In this case, Officer Lamboo admitted that he asked Fleming to exit the vehicle in order to conduct a "field interview." Fleming contends that because a field interview was unrelated to the initial traffic stop, Officer Lamboo's request that he exit the vehicle for the purpose of conducting a field interview was a "detour" that impermissibly extended the duration of the stop under Rodriguez.

Although Fleming argues the stop was impermissibly extended from the moment Fleming was asked to exit his vehicle because the purpose of asking him to exit was to conduct a separate field interview, as the Supreme Court explained in Rodriguez, "[t]he reasonableness of a seizure . . . depends on what the police in fact do" 575 U.S. at 357 (emphasis added) (citing Knowles v. Iowa, 525 U.S. 113, 115-17 (1998)). Regardless of what Officer Lamboo intended to do, because he did not in fact conduct a field interview, there is no basis to conclude that the police impermissibly prolonged Fleming's traffic stop under Rodriguez. Further, Officer Lamboo's request for Fleming to exit his vehicle is specifically authorized by Mimms. Therefore, as a matter of law, Fleming has failed to demonstrate he is entitled to relief on this claim.

The district court erred in failing to hold an evidentiary hearing or make factual findings on Fleming's motion to suppress the fruits of the vehicle frisk

Fleming next argues the district court erred in finding that Officer Gallegos conducted a valid "vehicle frisk" because Officer Gallegos lacked the requisite reasonable suspicion to conduct a warrantless search. Fleming also contends, albeit in a footnote, that the district court failed to make adequate factual findings when it summarily denied Fleming's motion without a hearing. The State responds that Officer Gallegos did have reasonable suspicion under the totality of circumstances to check for weapons, and therefore the "vehicle frisk" was valid. The State did not specifically address the district court's lack of factual findings.

We note the order at issue was signed by District Judge Michelle Leavitt.

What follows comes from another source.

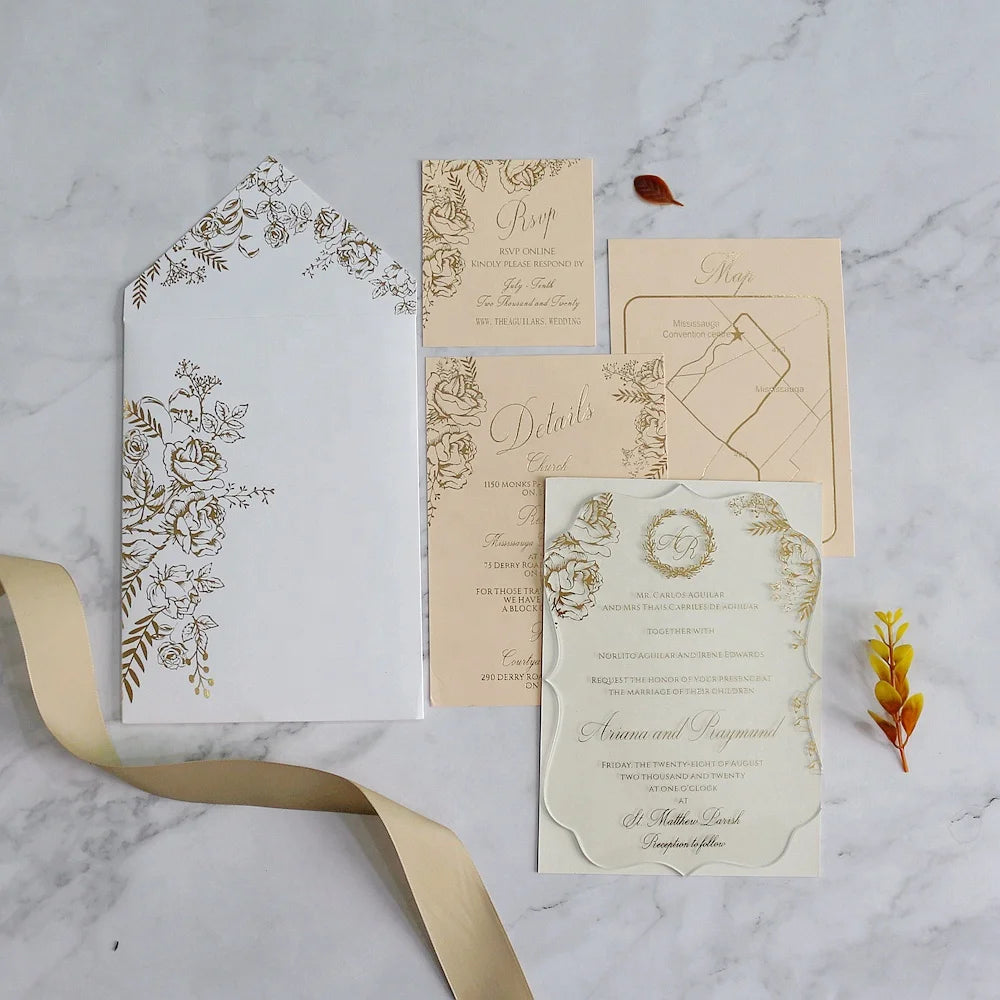 New Designs Custom Wedding Cards Designs and clear Acrylic Wedding Suite with Gold Foil Made in China MegaBDM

We conclude that the district court improperly denied Fleming's motion to suppress without conducting an evidentiary hearing and without stating its reasoning or making any findings of fact. See Somee v. State, 124 Nev. 434, 441-42, 187 P.3d 152, 158 (2008).

"Suppression issues present mixed questions of law and fact. This court reviews findings of fact for clear error, but the legal consequences of those facts involve questions of law that we review de novo." State v. Beckman, 129 Nev. 481, 485-86, 305 P.3d 912, 916 (2013) (internal citations omitted).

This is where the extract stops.